• [Problem requirements]: An exact copy is needed of the lines in the entries below from the line with "Ferienhaus - Havnsø" up to and including the line with "Shopify-pre-order-pq", and of nothing else. Leave the pictures out.

• [Supplied material]:
+--

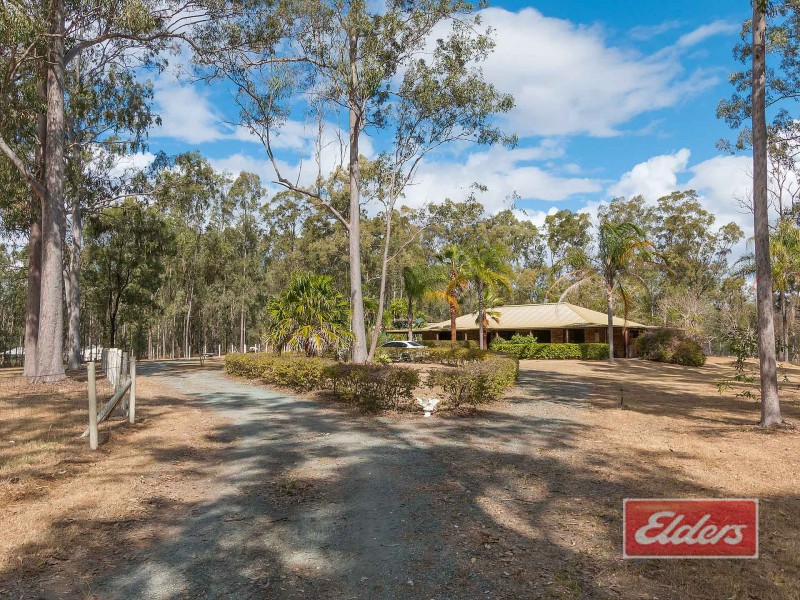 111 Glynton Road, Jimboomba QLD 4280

+--

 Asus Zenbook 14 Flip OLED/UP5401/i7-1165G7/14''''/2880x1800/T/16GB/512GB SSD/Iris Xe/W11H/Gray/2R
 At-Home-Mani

+--

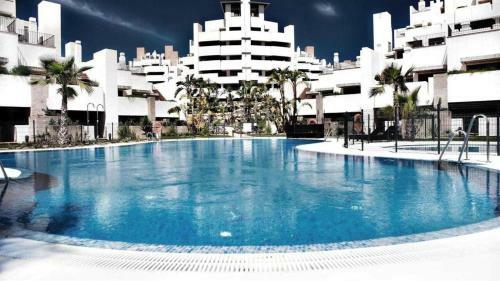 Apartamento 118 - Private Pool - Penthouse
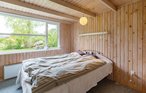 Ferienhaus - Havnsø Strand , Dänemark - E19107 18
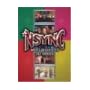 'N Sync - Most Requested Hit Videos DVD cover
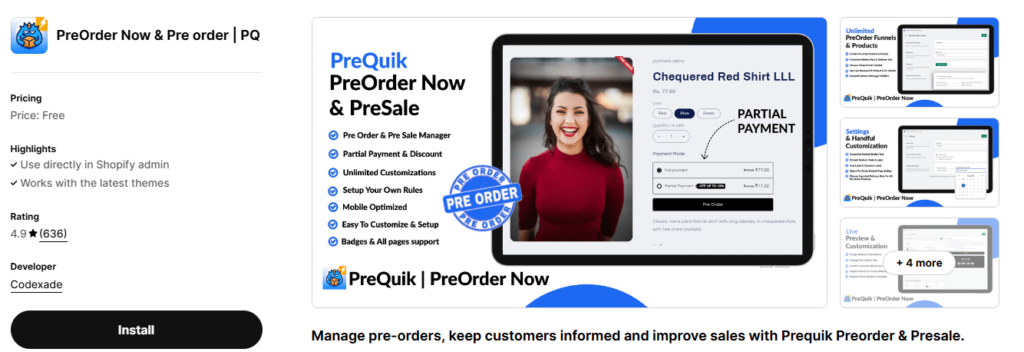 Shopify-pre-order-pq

+--

• [Problem solution]:
 Ferienhaus - Havnsø Strand , Dänemark - E19107 18
 'N Sync - Most Requested Hit Videos DVD cover
 Shopify-pre-order-pq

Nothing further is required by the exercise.